Frenchie—Joel McCrea, Shelley Winters, John Russell, Elsa Lanchester, Marie Windsor, Paul Kelly, John Emery, George Cleveland (1950; Dir: Louis King)
In color, so it had a pretty good budget for a western in 1950—a time when many, if not most, westerns were still in black and white. That would not be true by the end of the 1950s. It’s an obvious but less effective remake of Destry Rides Again. The title refers to a saloon owner, just as it was the name of Marlene Dietrich’s saloon girl character in Destry.
Joel McCrea is Tom Banning, the son of the former sheriff of Bottleneck, returning to restore some law. His character has echoes of two James Stewart characters—Destry’s aw-shucks, don’t-need-a-gun mild demeanor, and Ransom Stoddard’s bringing-eastern-law-to-the-uncivilized-west earnestness. Frenchie Fontaine (young Shelley Winters) is also returning from running a New Orleans gambling hall, to find the murderer of her father from 15 years ago. She sets up the Scarlet Angel, with the help of Lance Cole (John Russell) and the Countess (Elsa Lanchester). The new establishment ends up taking business away from the seedier but long-established Chuck-a-Luck, owned by quasi-outlaw Pete Lambert (Paul Kelly).
Meanwhile, Banning’s former girlfriend Diane (Marie Windsor) had decided to marry the local banker (John Emery) three years earlier but now regrets passing up true love. By the end, the murderer of Frenchie’s father is punished (dead), the banker is dead and Banning and Frenchie get together, although there is little apparent chemistry between McCrea and Winters.

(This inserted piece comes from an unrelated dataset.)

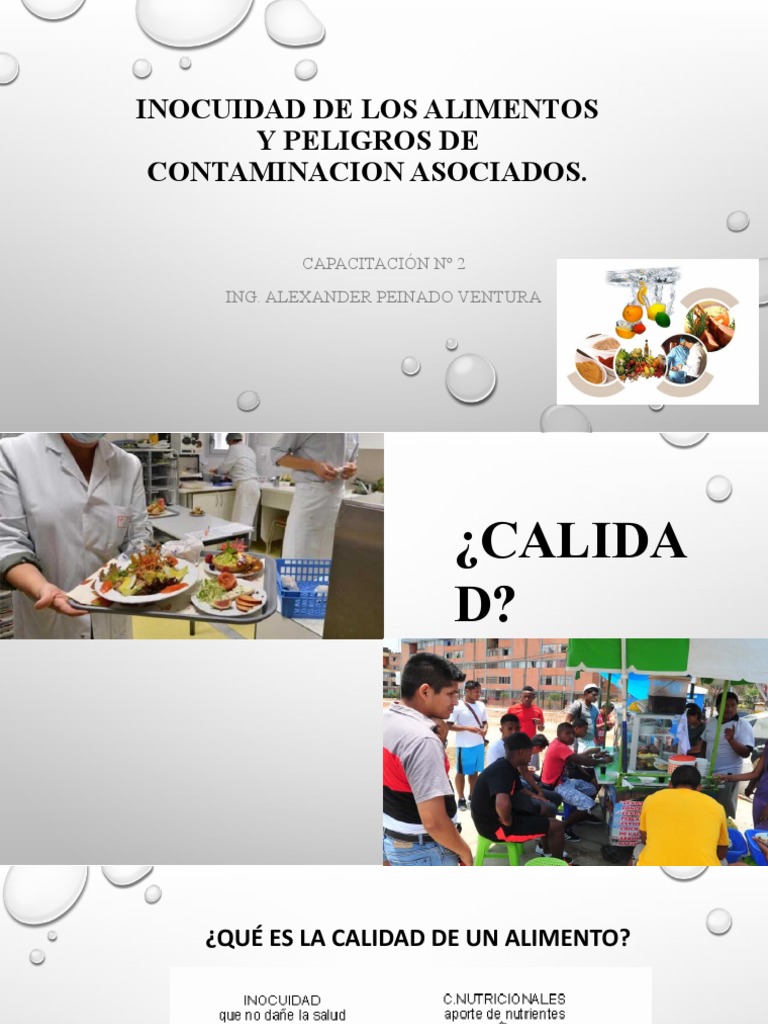 Inocuidad y Peligros en Alimentos | PDF | Seguridad alimenticia | Alimentos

The direction is pedestrian and the writing isn’t great. The plot is too convoluted. McCrea’s dialogue is too down-home, aw-shucks in a sort of replay of James Stewart’s mannerisms, and Winters seems too young, a bit too slutty and not smart enough for the character she’s playing, who’s supposed to be the principal romantic interest. It’s much the same as she played a bit later in Winchester ’73, but it doesn’t work as well when she’s got a larger part and more depends on her. (Compare her with the young Angie Dickinson in Rio Bravo, who plays the role much more successfully.) As a Destry remake, this is not much remembered. Audie Murphy would show up in another in 1954, but neither of these is anywhere as good as the 1939 movie.